Where’s “waste” to be cut? On domestic services, but only domestic services they don’t get or think they won’t need (and in this economy, they should give that a second thought).
This is a White Nationalist movement.
Fifty-seven percent of whites voted against Obama. When Tea Partiers say they want “their” country back, that “their” concerns are overlooked, that “they” aren’t represented in government, they’re speaking for that aging, diminishing demographic. (573)
Whoa. These folks are scary. To me, they are anti-American. Where is the tapestry of diversity which represents this great country? I don’t see one person of color in this group or any young people. It’s also shocking to think that so many of these folks still insist that Barack Obama is a Muslim or that he is a socialist. Frankly, I’ve not seen this kind of anger and ignorance in my lifetime and it makes me terribly concerned about our country’s future. (1612)

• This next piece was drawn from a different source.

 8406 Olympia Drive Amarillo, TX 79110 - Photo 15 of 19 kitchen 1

So according to the poll, these older white males take advantage of government services and appreciate those services and value those services and don’t mind paying what they do actually consider a “fair” price for those services … they just hate the president. Who happens to be black. This poll just points out to me that they ARE the racists they say they aren’t. (480)

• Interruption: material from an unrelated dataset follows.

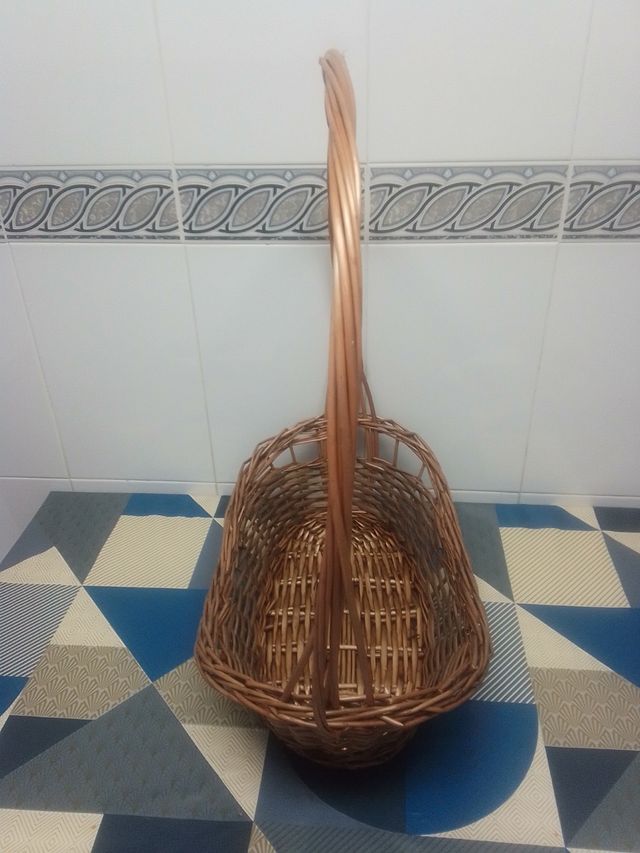 Cesta de mimbre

Whew! It’s obvious to me that these folks did not read the same article that I did, or, if they did, simply ignored its findings while composing their comments. Even if you toss out some of the more unhinged rhetoric (“This is a white nationalist movement.”), you are still left trying to fight your way out of yards of complete and utter fabrication: “these older white males….just hate the president.” It seems to me that the real racism—and by that I mean a world view that assumes the intellectual inferiority of blacks—resides in the hearts and minds of those who seems to believe with total conviction that anyone who challenges the president is doing so simply on the basis of his skin tone. These racists—for that is what they are—are oblivious to their own logic, which categorically posits that no black man, not even the President of the United States, can be challenged on the quality of his record, agenda or beliefs. They look no further than the epidermis, either ignoring the president’s well-articulated platform or assuming that the president has only his skin color with which to lead the country.
Never let it be said that I do not search for common ground. Indeed, as dispiriting as I find these comments, I find myself in total agreement with at least one of the writers. The one who wrote, “Frankly, I’ve not seen this kind of anger and ignorance in my lifetime and it makes me terribly concerned about our country’s future.”